Set down every record below exactly as it stands, with the pictures omitted.

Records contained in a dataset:

--- --- ---

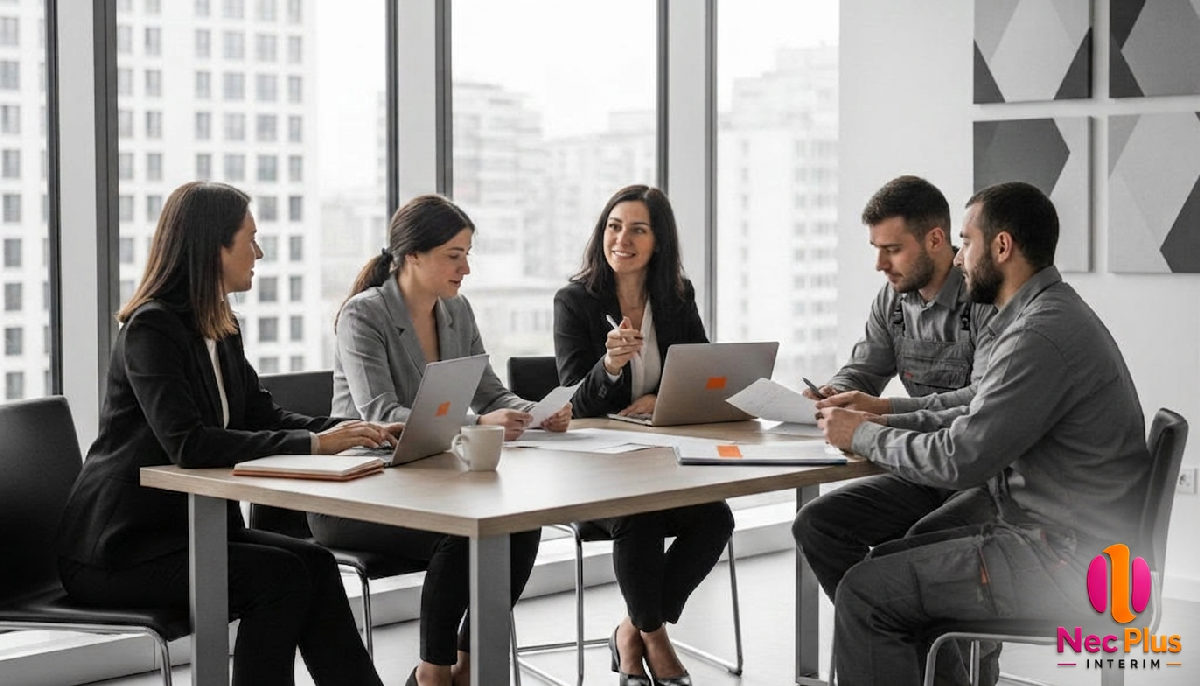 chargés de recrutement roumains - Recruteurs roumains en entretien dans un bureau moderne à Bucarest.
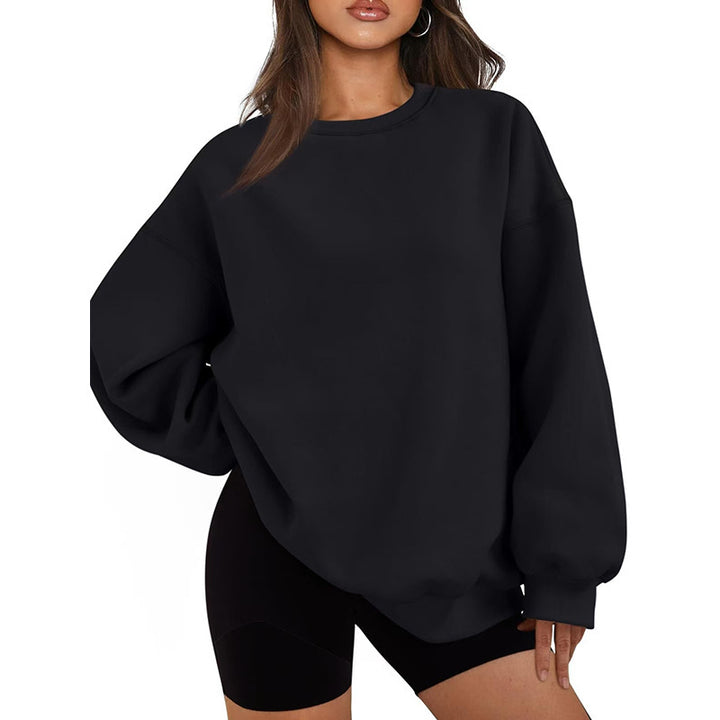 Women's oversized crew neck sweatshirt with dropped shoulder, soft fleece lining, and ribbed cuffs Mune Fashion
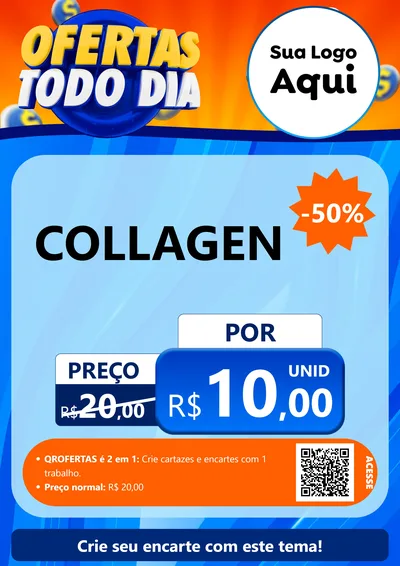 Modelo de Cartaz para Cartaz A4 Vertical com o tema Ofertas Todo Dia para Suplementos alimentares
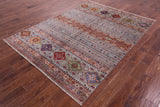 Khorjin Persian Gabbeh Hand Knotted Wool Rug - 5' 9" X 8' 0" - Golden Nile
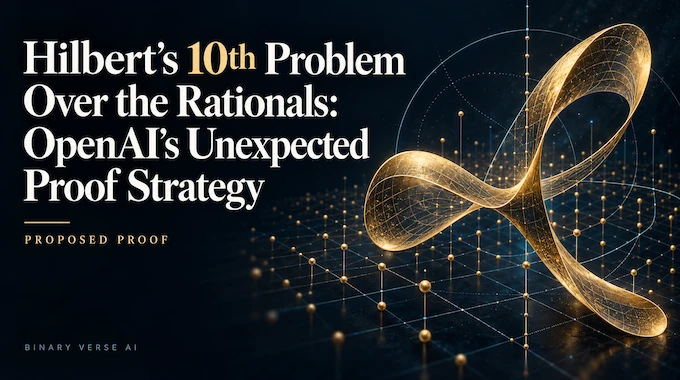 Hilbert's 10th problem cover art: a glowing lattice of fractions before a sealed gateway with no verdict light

--- --- ---

Response:
 chargés de recrutement roumains - Recruteurs roumains en entretien dans un bureau moderne à Bucarest.
 Women's oversized crew neck sweatshirt with dropped shoulder, soft fleece lining, and ribbed cuffs Mune Fashion
 Modelo de Cartaz para Cartaz A4 Vertical com o tema Ofertas Todo Dia para Suplementos alimentares
 Khorjin Persian Gabbeh Hand Knotted Wool Rug - 5' 9" X 8' 0" - Golden Nile
 Hilbert's 10th problem cover art: a glowing lattice of fractions before a sealed gateway with no verdict light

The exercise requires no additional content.